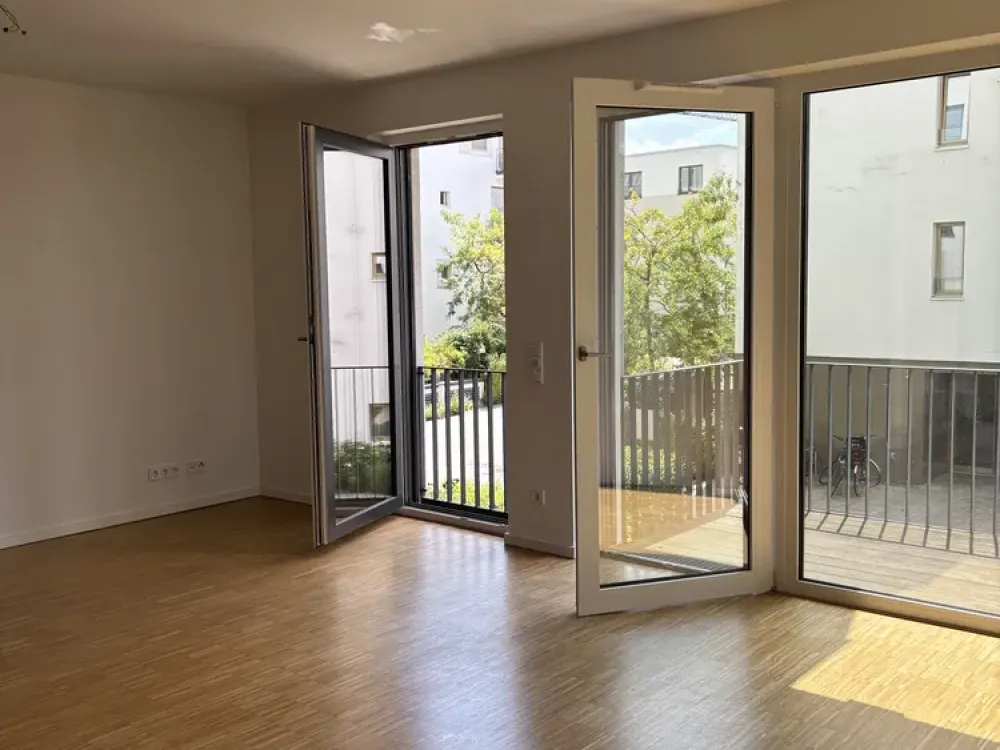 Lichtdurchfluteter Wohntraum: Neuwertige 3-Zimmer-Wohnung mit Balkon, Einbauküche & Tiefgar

...

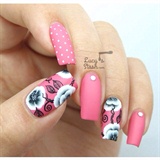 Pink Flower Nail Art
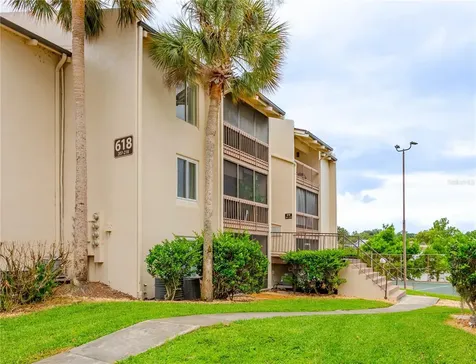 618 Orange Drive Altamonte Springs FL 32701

* * *

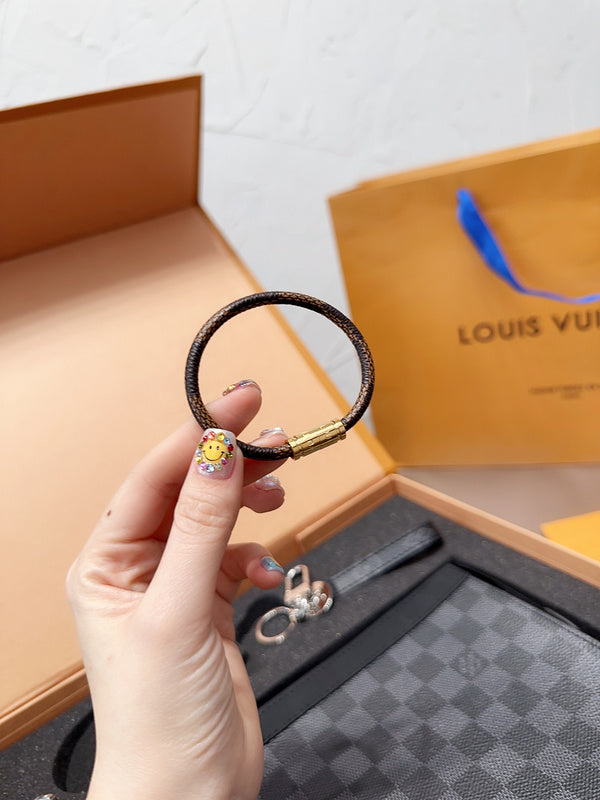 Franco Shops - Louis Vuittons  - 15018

* **The problem**: All that should be printed is the run of lines above from the one with "Pink Flower Nail Art" through the one with "618 Orange Drive Altamonte Springs FL 32701", both included, exactly as given, with pictures left out.

* **Result for this exercise**:
 Pink Flower Nail Art
 618 Orange Drive Altamonte Springs FL 32701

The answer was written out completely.